> _Work item_:
Return the lines of the data below, from the one containing "Norton 66252839432 Depressed" through the very last, exactly and with both ends included; no pictures.

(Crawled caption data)
· · ·

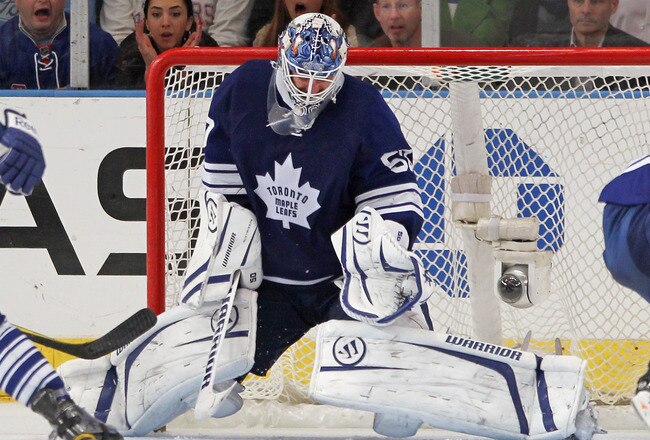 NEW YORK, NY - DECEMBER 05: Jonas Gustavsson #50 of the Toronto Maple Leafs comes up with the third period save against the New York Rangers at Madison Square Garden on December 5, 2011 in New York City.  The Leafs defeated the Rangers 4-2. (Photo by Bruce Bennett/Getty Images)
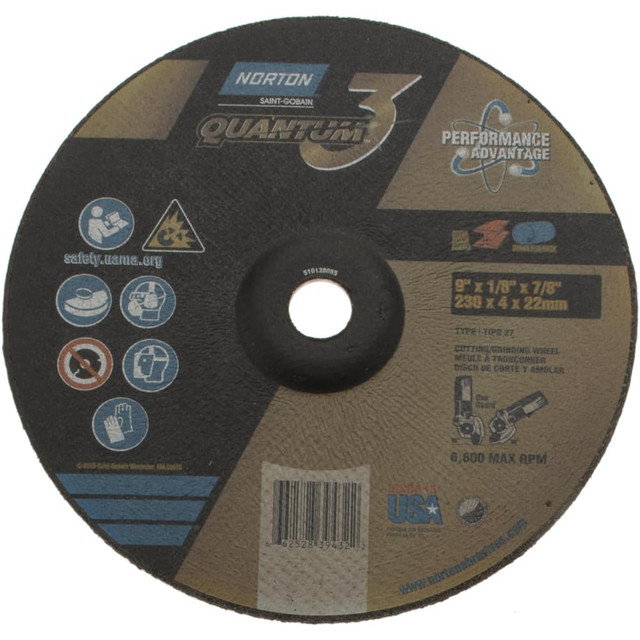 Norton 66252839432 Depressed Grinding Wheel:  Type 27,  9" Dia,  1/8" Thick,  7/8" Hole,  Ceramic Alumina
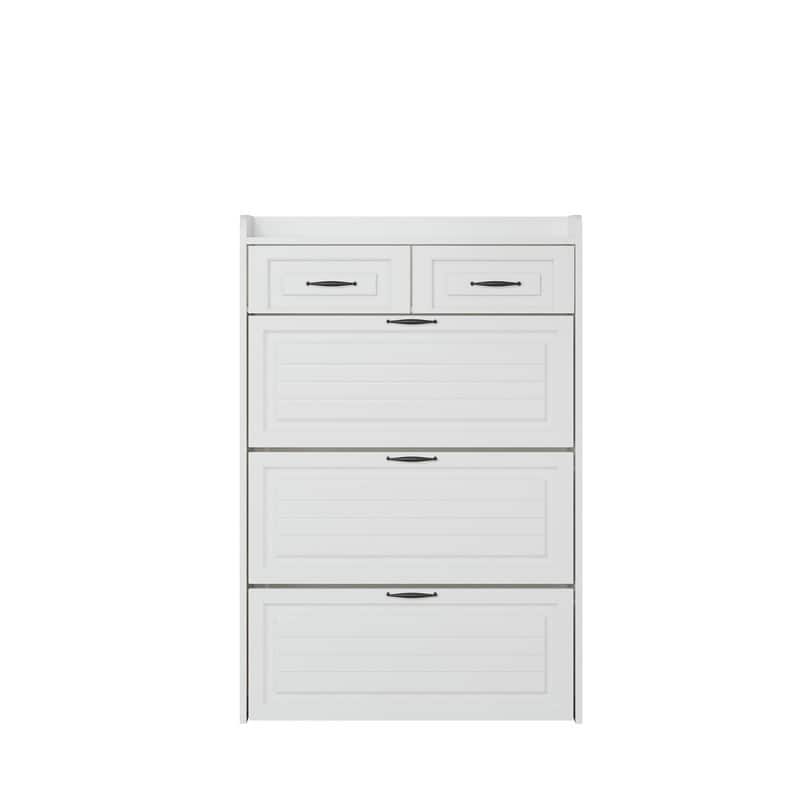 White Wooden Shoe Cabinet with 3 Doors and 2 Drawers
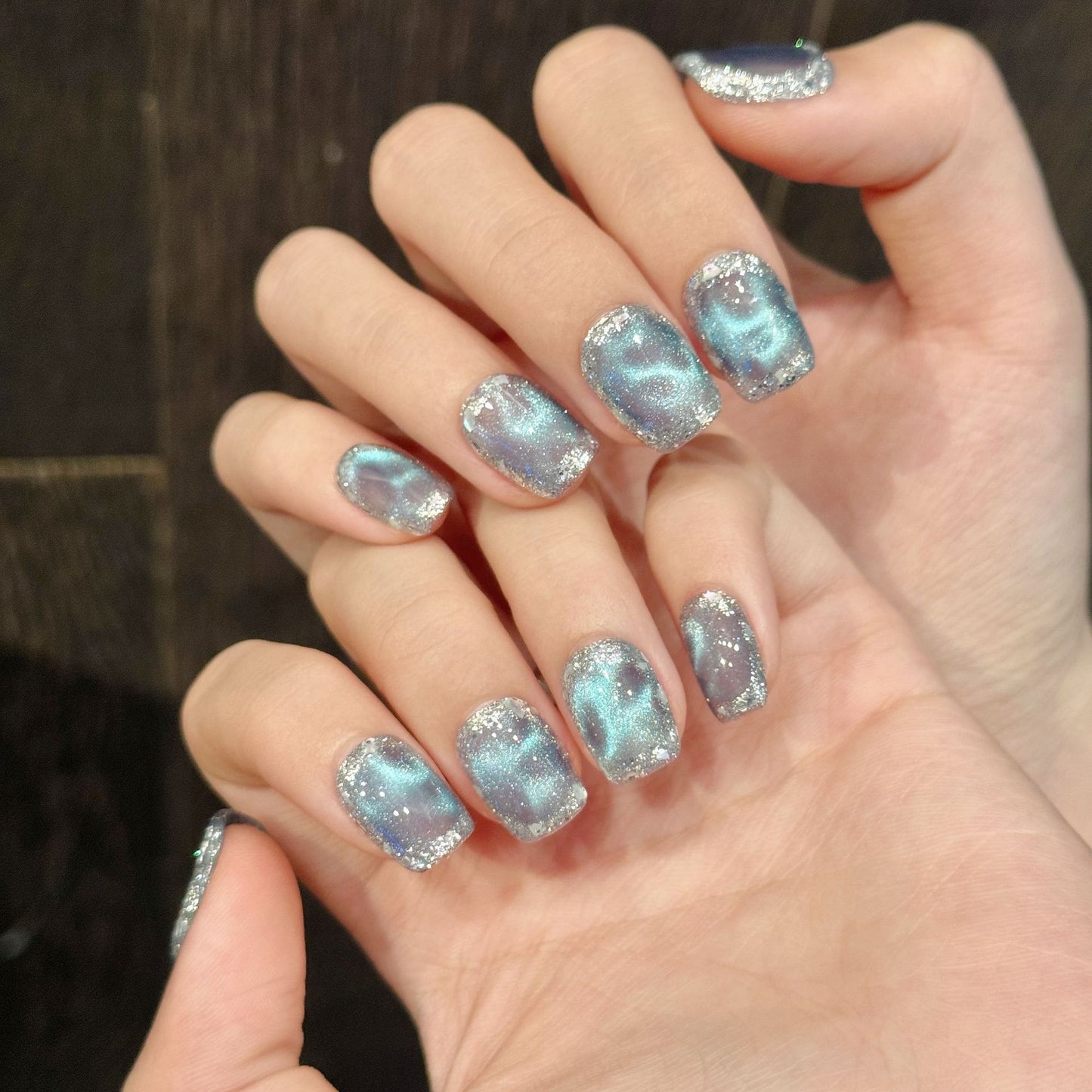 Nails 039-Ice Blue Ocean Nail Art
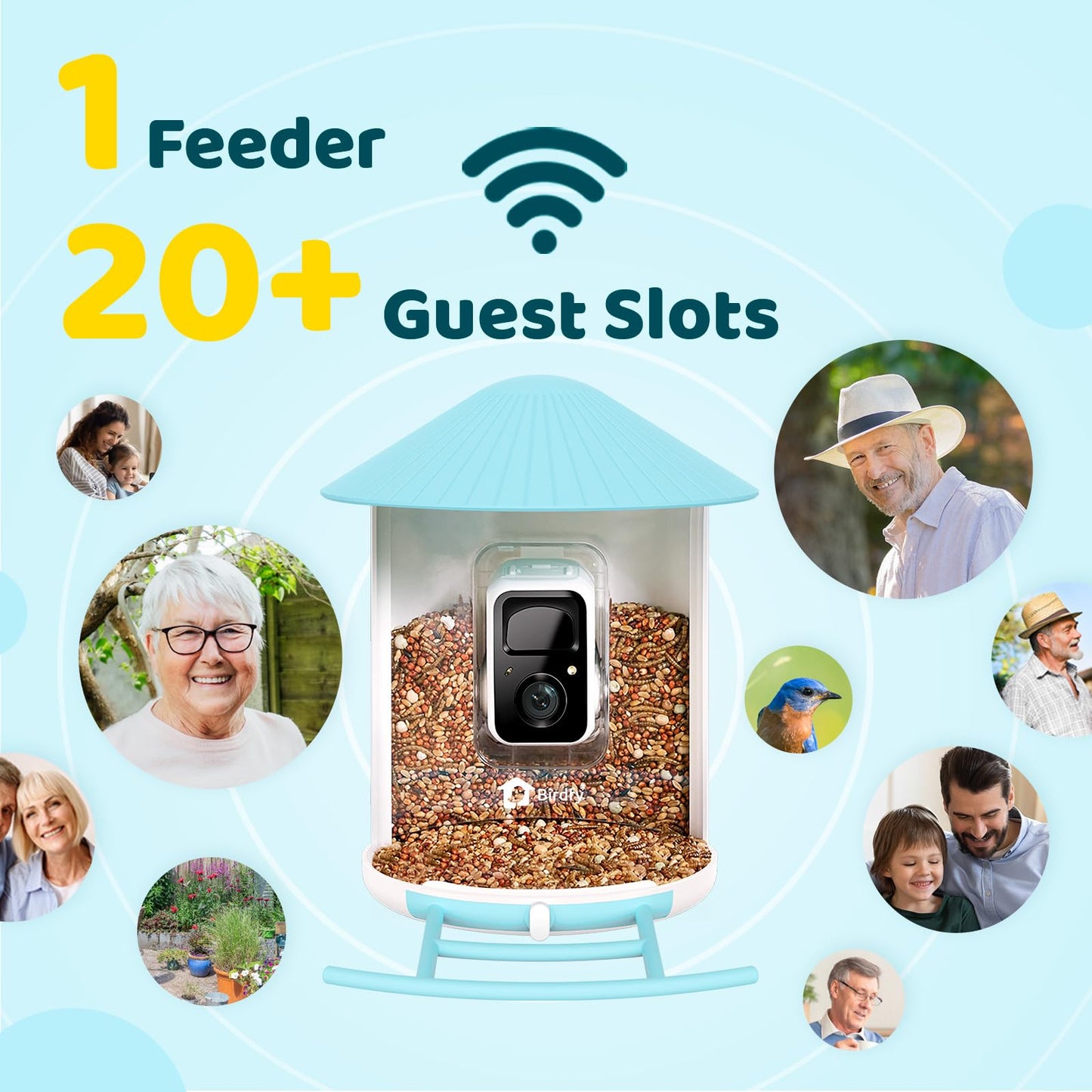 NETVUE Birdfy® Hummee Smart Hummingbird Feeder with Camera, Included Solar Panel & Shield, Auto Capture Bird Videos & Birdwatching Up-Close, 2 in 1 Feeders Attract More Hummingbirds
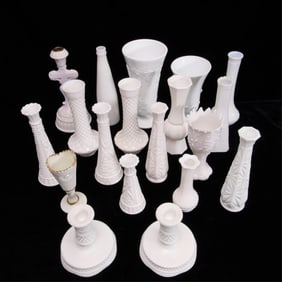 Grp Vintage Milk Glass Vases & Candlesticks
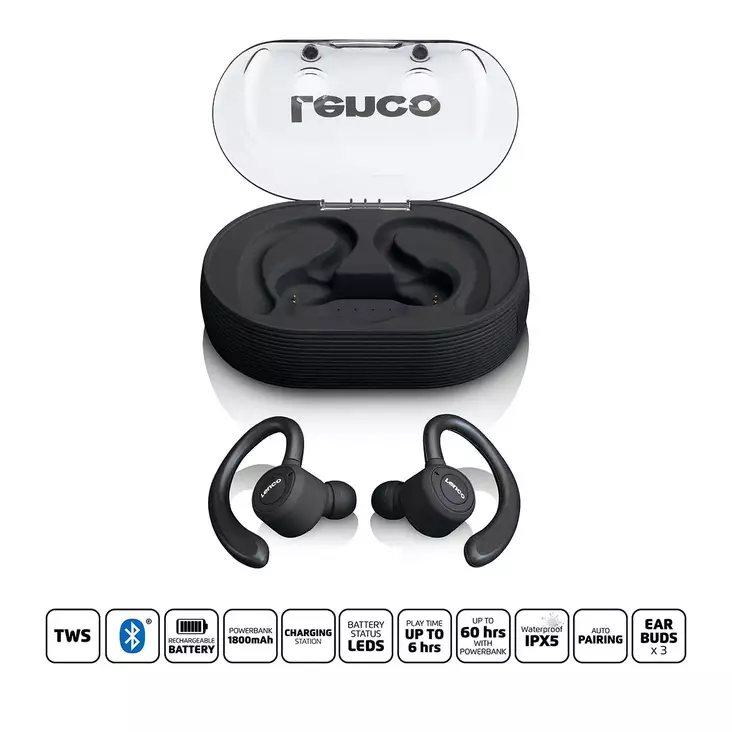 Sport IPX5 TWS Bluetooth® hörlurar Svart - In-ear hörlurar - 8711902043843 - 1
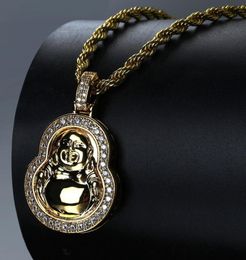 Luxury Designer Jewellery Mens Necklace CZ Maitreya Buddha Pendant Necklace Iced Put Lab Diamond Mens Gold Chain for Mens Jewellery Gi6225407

· · ·

> _Problem solution_:
 Norton 66252839432 Depressed Grinding Wheel:  Type 27,  9" Dia,  1/8" Thick,  7/8" Hole,  Ceramic Alumina
 White Wooden Shoe Cabinet with 3 Doors and 2 Drawers
 Nails 039-Ice Blue Ocean Nail Art
 NETVUE Birdfy® Hummee Smart Hummingbird Feeder with Camera, Included Solar Panel & Shield, Auto Capture Bird Videos & Birdwatching Up-Close, 2 in 1 Feeders Attract More Hummingbirds
 Grp Vintage Milk Glass Vases & Candlesticks
 Sport IPX5 TWS Bluetooth® hörlurar Svart - In-ear hörlurar - 8711902043843 - 1
 Luxury Designer Jewellery Mens Necklace CZ Maitreya Buddha Pendant Necklace Iced Put Lab Diamond Mens Gold Chain for Mens Jewellery Gi6225407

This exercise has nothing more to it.